USDC issuer Circle surged on its third trading day, climbing to a record intraday high of $138.57 Monday morning amid a wave of continued institutional and retail enthusiasm.

The stock, which debuted on Thursday after pricing its IPO at $31 per share, has now more than quadrupled in value—posting a roughly 347% gain from its offering price to its Monday peak. CRCL has cooled to $116.20 as of this writing, still up 8% on the day.

Investors have moved nearly 37 million CRCL shares already Monday, meaning that the company could top the 60.7 million shares that traded during Friday's session.

Japanese financial services company SBI Holdings confirmed Monday that it invested $50 million into the newly public stablecoin issuer. "Amid strong demand from numerous institutional investors, etc., the SBI Group secured one of the largest allocations of Circle shares," the company wrote in a press release.

And on Circle's opening day, Cathie Wood's ARK Invest trimmed its positions in Robinhood, Coinbase, and Block to buy 4.48 million shares of CRCL. As it stands, the company's flagship ARK Innovation ETF, ARK Next Generation Internet ETF, and the ARK Fintech Innovation ETF now hold a combined 4,431,862 CRCL shares.

Assuming ARK got in at the $31 IPO price, the firm could be sitting on an unrealized gain of more than $524 million, or 281%.

There are other signs of intense institutional interest. Fund manager ProShares filed on Friday to offer an Ultra CRCL ETF. The fund would be a leveraged play, meaning that its objective is to double the gains or loses that the stock sees on a given day, according to its prospectus.

Meanwhile, the Bitwise CRCL Option Income Strategy ETF sets out to be a covered-call style ETF. That means the fund managers would generate income for investors by selling call options on CRCL shares.

It's worth noting that Circle makes almost all of its revenue from interest earned on the cash it uses to back its stablecoins. That means a rate cut—which crypto investors are otherwise very happy to see because it triggers reallocation into digital assets—could be bad for the USDC issuer's bottom line.

Currently, 53% of investors think the Federal Open Markets Committee could announce a rate cut of 25 basis points following the group's September 17 meeting, according to the CME FedWatch Tool.

FundStrat analyst Sean Farrell estimated on X last week that every 25 basis point cut the FOMC makes to interest rates could reduce Circle's 2026 EBITDA by $100 million.
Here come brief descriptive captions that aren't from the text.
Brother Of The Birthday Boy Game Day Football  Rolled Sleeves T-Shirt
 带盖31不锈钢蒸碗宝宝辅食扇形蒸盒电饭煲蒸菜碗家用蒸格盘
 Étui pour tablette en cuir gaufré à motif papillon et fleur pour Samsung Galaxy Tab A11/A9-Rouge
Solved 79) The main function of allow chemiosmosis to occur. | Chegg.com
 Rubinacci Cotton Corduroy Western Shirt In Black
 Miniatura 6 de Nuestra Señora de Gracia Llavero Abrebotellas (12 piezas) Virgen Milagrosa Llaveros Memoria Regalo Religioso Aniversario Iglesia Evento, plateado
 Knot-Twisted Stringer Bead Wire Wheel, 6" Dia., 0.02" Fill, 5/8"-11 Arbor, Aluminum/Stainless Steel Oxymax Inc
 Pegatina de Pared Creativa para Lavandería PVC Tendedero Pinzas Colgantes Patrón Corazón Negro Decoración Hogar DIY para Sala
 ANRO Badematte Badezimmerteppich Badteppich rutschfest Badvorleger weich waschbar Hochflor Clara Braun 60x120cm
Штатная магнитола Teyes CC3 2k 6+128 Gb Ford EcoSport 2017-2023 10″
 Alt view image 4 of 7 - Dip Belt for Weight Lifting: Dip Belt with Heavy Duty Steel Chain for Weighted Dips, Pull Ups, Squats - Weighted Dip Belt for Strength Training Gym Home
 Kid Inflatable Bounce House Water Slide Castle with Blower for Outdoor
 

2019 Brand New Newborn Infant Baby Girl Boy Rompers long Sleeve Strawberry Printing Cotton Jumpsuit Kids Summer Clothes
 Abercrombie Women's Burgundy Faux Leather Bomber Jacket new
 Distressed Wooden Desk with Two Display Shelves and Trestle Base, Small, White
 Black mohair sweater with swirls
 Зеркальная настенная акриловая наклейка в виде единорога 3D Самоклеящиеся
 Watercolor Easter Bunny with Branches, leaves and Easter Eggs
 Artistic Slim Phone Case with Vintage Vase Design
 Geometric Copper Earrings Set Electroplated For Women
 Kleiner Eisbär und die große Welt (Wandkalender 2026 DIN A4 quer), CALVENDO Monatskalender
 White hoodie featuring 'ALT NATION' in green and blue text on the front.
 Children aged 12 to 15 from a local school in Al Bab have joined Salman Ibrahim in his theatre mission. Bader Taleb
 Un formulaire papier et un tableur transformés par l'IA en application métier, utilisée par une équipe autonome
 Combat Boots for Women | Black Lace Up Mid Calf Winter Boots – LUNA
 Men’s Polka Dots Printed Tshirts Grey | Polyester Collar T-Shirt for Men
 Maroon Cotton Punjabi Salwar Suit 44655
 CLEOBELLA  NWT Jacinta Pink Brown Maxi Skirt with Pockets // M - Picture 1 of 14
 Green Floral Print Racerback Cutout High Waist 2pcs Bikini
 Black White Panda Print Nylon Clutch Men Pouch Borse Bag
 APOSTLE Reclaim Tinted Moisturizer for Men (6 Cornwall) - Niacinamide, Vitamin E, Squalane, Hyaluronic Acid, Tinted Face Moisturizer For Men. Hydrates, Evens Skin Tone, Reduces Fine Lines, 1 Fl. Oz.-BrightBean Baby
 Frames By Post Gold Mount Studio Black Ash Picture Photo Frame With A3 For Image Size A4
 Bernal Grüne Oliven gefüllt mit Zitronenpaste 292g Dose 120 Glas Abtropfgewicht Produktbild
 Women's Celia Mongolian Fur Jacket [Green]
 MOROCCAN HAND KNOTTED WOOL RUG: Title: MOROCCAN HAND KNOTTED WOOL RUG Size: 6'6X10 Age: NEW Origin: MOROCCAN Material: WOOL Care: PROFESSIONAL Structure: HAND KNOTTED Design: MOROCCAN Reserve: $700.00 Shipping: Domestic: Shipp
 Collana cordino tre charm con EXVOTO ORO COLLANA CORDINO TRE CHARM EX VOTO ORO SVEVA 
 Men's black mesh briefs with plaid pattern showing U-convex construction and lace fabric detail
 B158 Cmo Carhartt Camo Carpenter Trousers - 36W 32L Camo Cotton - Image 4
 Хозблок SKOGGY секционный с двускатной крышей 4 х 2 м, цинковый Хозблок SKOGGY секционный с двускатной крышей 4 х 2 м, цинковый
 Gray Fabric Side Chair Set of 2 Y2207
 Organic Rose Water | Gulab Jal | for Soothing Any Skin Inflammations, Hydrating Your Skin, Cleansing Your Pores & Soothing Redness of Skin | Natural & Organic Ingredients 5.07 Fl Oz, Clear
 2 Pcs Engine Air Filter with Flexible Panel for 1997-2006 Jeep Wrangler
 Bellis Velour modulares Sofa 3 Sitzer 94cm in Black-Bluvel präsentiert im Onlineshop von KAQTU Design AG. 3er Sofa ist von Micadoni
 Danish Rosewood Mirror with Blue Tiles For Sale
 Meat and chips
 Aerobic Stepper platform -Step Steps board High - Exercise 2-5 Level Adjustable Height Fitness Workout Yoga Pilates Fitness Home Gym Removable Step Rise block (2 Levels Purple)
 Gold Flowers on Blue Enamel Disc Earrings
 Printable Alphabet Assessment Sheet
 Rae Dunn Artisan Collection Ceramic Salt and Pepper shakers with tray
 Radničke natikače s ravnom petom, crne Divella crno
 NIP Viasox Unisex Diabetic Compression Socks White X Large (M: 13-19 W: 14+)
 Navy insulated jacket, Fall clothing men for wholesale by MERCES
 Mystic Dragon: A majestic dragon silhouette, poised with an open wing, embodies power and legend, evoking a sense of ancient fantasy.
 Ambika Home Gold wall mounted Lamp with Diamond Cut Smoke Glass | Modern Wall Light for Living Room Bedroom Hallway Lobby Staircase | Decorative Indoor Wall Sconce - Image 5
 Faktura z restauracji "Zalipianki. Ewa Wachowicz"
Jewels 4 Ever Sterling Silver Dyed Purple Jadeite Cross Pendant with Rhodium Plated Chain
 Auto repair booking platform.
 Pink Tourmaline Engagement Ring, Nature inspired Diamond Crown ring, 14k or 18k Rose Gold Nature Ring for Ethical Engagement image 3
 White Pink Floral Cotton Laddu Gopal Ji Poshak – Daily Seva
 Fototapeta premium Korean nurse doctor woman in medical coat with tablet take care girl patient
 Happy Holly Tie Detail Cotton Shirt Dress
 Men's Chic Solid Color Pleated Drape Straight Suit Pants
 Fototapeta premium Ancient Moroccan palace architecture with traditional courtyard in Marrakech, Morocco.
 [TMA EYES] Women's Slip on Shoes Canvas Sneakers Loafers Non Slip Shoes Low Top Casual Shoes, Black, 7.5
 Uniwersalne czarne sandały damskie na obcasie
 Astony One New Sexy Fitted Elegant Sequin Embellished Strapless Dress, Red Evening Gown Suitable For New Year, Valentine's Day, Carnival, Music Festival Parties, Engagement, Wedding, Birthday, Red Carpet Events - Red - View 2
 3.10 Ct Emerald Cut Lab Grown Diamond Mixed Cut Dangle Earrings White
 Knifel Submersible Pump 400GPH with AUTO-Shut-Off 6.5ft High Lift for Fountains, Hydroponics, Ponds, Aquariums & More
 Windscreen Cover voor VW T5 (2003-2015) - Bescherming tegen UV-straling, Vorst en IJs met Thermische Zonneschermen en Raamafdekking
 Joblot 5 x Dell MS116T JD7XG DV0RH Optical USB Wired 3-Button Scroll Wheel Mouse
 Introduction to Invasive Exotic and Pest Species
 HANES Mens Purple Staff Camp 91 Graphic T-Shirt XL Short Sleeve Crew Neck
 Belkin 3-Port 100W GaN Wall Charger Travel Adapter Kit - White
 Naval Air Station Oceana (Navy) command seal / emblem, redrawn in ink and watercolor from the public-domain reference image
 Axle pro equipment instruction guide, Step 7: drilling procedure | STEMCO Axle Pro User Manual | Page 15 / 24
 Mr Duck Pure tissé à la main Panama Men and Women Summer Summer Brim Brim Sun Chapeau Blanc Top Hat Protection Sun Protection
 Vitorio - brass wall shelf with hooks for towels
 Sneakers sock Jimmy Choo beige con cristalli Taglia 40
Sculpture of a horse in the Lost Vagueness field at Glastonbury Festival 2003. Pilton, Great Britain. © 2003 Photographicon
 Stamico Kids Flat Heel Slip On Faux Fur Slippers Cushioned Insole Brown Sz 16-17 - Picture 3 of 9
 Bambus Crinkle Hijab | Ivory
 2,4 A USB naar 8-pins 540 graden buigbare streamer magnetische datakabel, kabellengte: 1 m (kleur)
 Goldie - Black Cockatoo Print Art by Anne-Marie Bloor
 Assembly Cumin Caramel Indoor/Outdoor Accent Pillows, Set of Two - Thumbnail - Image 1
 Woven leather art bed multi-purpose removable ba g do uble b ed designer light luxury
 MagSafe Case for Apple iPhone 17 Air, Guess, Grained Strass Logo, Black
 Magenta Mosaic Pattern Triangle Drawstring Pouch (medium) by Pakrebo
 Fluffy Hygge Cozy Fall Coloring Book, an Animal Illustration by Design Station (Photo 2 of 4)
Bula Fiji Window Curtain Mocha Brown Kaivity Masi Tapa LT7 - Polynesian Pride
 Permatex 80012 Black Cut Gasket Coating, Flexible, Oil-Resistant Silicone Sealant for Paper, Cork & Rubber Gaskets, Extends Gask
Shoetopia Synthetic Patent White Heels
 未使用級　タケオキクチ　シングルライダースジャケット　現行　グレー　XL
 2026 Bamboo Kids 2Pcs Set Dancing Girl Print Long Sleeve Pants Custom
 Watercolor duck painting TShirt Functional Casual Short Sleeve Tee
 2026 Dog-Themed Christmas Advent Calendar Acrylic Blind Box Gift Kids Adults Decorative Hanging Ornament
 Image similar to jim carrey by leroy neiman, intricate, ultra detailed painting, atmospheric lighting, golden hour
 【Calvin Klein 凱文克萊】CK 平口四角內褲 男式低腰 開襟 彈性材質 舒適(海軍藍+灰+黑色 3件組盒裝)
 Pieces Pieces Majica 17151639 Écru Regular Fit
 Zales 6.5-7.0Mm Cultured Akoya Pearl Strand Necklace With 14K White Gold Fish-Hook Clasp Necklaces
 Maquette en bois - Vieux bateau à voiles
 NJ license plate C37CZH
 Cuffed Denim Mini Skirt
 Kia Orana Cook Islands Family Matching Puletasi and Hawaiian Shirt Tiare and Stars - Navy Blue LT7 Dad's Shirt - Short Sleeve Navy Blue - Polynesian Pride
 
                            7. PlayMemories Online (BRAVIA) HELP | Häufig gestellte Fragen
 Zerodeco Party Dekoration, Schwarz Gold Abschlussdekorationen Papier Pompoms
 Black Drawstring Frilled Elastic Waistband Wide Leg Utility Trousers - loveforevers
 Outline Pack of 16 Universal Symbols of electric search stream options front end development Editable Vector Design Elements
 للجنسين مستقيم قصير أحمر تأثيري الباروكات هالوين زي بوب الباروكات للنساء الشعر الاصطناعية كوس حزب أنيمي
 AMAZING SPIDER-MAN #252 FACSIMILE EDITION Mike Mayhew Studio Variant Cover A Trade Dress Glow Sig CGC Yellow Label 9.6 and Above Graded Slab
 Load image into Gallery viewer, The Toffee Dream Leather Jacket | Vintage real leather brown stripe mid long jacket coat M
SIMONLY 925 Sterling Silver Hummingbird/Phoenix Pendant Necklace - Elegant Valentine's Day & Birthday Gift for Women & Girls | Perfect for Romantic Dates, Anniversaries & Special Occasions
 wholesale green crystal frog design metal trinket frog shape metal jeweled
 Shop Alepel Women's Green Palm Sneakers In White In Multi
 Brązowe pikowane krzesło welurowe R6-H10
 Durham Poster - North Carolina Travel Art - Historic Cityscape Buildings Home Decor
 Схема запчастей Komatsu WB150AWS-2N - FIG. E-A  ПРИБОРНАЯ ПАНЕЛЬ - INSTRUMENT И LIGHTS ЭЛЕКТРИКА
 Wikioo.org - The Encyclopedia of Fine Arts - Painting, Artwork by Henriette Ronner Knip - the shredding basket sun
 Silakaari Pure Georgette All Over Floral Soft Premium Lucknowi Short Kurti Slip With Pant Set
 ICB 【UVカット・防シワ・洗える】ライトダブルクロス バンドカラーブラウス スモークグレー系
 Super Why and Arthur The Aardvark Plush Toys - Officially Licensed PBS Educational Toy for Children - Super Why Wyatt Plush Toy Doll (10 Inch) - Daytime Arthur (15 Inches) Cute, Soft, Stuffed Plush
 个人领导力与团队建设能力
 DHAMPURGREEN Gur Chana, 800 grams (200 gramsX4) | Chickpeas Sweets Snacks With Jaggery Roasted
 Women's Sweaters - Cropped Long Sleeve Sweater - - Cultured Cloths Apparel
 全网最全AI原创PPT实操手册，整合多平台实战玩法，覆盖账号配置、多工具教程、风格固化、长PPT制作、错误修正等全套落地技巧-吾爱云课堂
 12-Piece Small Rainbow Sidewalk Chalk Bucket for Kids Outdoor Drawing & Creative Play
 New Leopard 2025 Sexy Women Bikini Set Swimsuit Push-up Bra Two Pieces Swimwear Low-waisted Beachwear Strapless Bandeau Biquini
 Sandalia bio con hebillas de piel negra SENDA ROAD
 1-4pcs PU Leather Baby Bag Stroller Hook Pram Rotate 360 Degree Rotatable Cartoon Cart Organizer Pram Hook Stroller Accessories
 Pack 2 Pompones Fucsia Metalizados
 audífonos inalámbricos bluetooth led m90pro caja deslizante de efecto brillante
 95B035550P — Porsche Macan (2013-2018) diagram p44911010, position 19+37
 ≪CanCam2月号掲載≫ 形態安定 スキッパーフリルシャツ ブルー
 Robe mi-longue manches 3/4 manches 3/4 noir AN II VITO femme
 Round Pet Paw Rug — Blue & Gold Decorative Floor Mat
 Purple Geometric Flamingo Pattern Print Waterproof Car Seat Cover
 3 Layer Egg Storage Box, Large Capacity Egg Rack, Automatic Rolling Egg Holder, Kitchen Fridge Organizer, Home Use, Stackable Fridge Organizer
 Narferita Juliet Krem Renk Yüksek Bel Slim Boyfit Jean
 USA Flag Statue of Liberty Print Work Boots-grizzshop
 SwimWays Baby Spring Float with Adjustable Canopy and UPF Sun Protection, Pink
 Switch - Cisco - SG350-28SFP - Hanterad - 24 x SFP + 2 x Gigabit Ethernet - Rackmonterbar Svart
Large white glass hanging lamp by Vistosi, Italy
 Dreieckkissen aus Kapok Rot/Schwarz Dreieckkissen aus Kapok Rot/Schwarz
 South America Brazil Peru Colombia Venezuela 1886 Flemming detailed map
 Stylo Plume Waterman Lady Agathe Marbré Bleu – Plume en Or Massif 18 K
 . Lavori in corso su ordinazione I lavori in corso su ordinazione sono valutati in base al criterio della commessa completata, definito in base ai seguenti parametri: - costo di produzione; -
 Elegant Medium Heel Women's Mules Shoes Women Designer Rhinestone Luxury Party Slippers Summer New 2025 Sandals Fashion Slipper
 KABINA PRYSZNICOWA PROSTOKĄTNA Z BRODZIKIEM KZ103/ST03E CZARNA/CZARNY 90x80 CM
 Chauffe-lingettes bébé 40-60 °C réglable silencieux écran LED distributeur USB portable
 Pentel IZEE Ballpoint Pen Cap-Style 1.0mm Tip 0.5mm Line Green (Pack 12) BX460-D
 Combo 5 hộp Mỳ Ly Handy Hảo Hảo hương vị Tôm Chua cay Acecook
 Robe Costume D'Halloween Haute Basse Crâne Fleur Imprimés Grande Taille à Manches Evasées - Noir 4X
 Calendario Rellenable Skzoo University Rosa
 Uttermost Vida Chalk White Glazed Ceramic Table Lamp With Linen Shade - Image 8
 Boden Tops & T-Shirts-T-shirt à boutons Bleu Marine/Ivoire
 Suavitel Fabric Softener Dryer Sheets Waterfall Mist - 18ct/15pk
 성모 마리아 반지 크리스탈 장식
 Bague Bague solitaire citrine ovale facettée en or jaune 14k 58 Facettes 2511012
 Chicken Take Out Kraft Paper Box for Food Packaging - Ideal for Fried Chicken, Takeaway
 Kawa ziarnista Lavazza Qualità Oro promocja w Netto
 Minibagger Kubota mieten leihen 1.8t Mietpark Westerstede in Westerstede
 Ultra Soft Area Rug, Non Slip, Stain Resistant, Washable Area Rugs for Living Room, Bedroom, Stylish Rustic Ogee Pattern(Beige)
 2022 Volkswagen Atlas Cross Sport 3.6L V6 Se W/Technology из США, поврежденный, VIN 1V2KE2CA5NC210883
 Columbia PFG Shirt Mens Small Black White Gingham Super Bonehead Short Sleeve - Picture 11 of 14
We received numerous questions regarding CRCL. That makes sense given it's the most significant crypto IPO since COIN. Below is an excerpt from the report we sent out to clients this week. The tldr was basically: the company has challenging economics, but don't midcurve the…

— Sean Farrell (@SeanMFarrell) June 7, 2025

"Circle operates in a vertical we expect to grow exponentially over the next decade, but it is not the market leader and lacks control over distribution," he added. "It is levered to interest rates, with lower rates hurting earnings. In a world where rates fall while stablecoin adoption rises, investors may be better served by liquid crypto assets and equities more directly tied to crypto prices."